→ **DATA FOR PROCESSING**
□ □ □ □

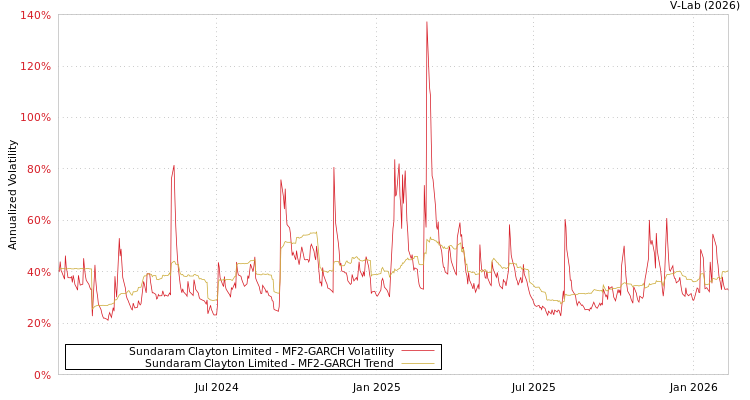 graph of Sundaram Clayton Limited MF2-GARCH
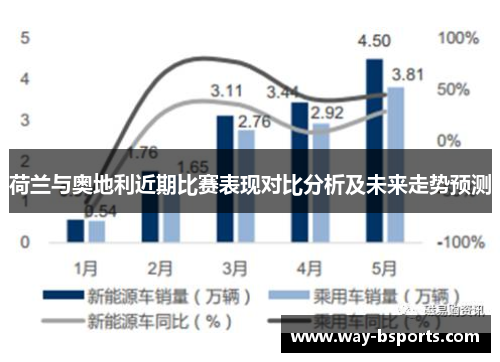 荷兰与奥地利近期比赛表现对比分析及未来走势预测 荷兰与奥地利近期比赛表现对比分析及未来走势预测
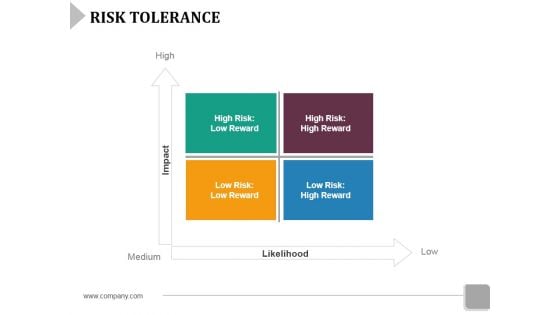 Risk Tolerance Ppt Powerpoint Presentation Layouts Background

□ □ □ □

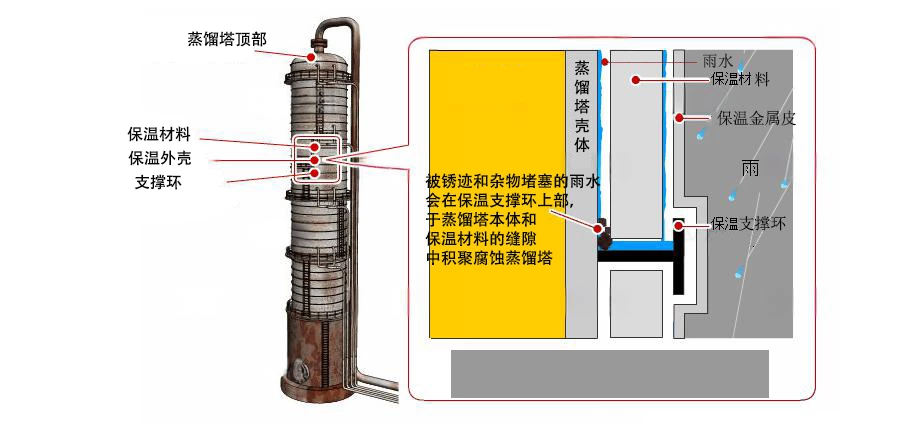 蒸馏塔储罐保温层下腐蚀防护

□ □ □ □

→ **PROMPT**
Using the data above, set down each line from the line with "graph of Sundaram Clayton Limited MF2-GARCH" to the line with "Risk Tolerance Ppt" exactly, both ends included, and leave the pictures behind. Nothing else belongs.

→ **SOLUTION TO THE EXERCISE**
 graph of Sundaram Clayton Limited MF2-GARCH
 荷兰与奥地利近期比赛表现对比分析及未来走势预测 荷兰与奥地利近期比赛表现对比分析及未来走势预测
 Risk Tolerance Ppt Powerpoint Presentation Layouts Background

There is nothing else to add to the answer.